Given a choice, I’d pick Tiffany’s for jewellery, Prada for bags, chocolate in cakes, and Bánh Mi for sandwiches. This Vietnamese-French sandwich is an example of how fusion food, if done right, can be utterly marvelous. It combines sweet, sour, crunchy and soft in one delicious and portable package. There’s a reason why it has taken the Big Apple (and the rest of the US) by storm and is rated ‘the world’s best street food’.
Bánh Mi is a light, crispy small baguette, that is split and hollowed before it is filled with mayonnaise, sliced chili peppers or jalapenos, coriander leaves, cucumber, thin slices of red onion, a tangy-sweet daikon-and-carrot pickle and a drizzle of soy sauce or Asian chilli sauce. If you wonder how the baguette got popular in Vietnamese cuisine, you’d have to go back to French colonialism in Indochina, when the baguette was introduced there. The bread most commonly found in Vietnam is single serve and resembles a torpedo; therefore the term Bánh Mi is synonymous with this type of bread. The Bánh Mi is usually more airy than its French counterpart, and made with a combination of rice and wheat flours. As a result, it has an airy crumb and thin crust.
The variation comes in when you choose what protein components will be center stage. The options are endless, but traditionally, the sandwich was made with thinly sliced liver pate and thin slices of Vietnamese cold cuts. Other filling options include chicken, turkey, lamb, shrimp or seared tofu, which taste just as good or even better. Five-spice minced chicken, barbequed chicken, spicy meatball, garlic-brined pork, black pepper steak, sweet-n-sour turkey, lemon grass or hoisin-seared tofu, river shrimp Bánh Mis are just a few varieties to get started.
This visually appealing sandwich with its green condiments, playing against the white and orange of the carrots and the radish, is great on the tastebuds too. The tenderness of the meat, crunchiness of the veggies and bread and the heat from the chilli peppers makes me say only one thing… Nom Nom!
The author is the writer of AappleMint,
a food, travel and photography blog.
Lemon Grass Chicken Bánh Mi
● 1/2 cup minced lemon grass
● 1/2 cup sugar
● 3 tablespoons fish sauce
● 1 1/2 tablespoons ground black pepper
● 5 shallots, peeled and minced
● 3 cloves garlic, peeled and minced
● 2 tablespoons roasted sesame oil
● 2 tablespoons peanut/vegetable oil
● 2 tablespoons sweet soy sauce
● 1 kg boneless chicken thighs, cut into large pieces.
● 1/2 cup water
● 1/4 cup rice vinegar
● 1/4 cup sugar
● 1/2 tsp kosher salt
● Pinch of crushed red pepper
● 3 large carrots, julienned
● 2 daikon radish, julienned
● Four 8” baguettes, split and grilled
● 1/4 cup mayonnaise
● 1 cucumber, thinly sliced lengthwise
● 10 large coriander sprigs
● 1 jalapeño, thinly sliced
● Sriracha/chilli-garlic sauce
Lightly pound the chicken pieces with the back of a kitchen knife. In a bowl, mix all the marinade ingredients well. Put in the chicken and marinade for at least two hours or best overnight.
In a small saucepan, bring the water, vinegar, sugar, salt and crushed red pepper to a boil.
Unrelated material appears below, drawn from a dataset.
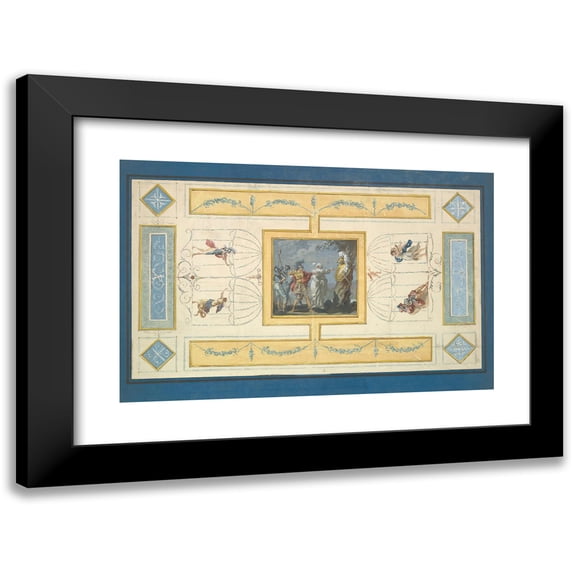 Jean-Jacques Lagrenée 18x13 Black Modern Framed Museum Art Print Titled - Study for a Ceiling.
Transfer the broth to a large bowl and let cool to room temperature. Add the carrots and daikon and cover to keep them submerged. Refrigerate the vegetables for at least 30 minutes. They stay good for upto three days.
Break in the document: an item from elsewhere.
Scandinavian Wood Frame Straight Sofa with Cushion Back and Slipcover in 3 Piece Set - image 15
Light a grill. Remove the chicken from the marinade and pat dry. Grill it over moderate heat, turning once, until just cooked through and nicely charred. Transfer to a work surface and let rest for five minutes.
Spread the cut sides of the baguettes with mayonnaise on one side and Sriracha/chilli-garlic sauce on the other. Arrange cucumber slices on the bottom halves. Top with the chicken, and shredded and pickled carrots and daikon. Garnish with the coriander sprigs, onions and jalapeño. Close the sandwiches and serve.